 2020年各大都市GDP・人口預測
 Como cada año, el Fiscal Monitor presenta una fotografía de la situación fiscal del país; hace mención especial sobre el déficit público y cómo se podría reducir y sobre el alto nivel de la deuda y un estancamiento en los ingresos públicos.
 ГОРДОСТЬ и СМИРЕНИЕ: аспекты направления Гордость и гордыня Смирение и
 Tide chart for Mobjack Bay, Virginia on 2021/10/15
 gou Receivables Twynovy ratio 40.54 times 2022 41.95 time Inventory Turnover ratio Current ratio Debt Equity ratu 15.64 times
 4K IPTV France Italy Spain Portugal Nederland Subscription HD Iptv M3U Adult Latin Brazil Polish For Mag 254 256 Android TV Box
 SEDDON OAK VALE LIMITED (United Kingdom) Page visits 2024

********************

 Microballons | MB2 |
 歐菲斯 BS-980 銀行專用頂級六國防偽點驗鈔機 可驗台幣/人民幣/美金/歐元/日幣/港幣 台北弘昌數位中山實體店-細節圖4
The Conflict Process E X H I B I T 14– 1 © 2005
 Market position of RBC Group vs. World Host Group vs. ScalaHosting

********************

▶ [WHAT YOU SHOULD DO]
Everything above from the line with "Tide chart for" to the line with "SEDDON OAK VALE", both included, must be repeated exactly, and nothing outside that range.

▶ [RESULT OF THE EXERCISE]
 Tide chart for Mobjack Bay, Virginia on 2021/10/15
 gou Receivables Twynovy ratio 40.54 times 2022 41.95 time Inventory Turnover ratio Current ratio Debt Equity ratu 15.64 times
 4K IPTV France Italy Spain Portugal Nederland Subscription HD Iptv M3U Adult Latin Brazil Polish For Mag 254 256 Android TV Box
 SEDDON OAK VALE LIMITED (United Kingdom) Page visits 2024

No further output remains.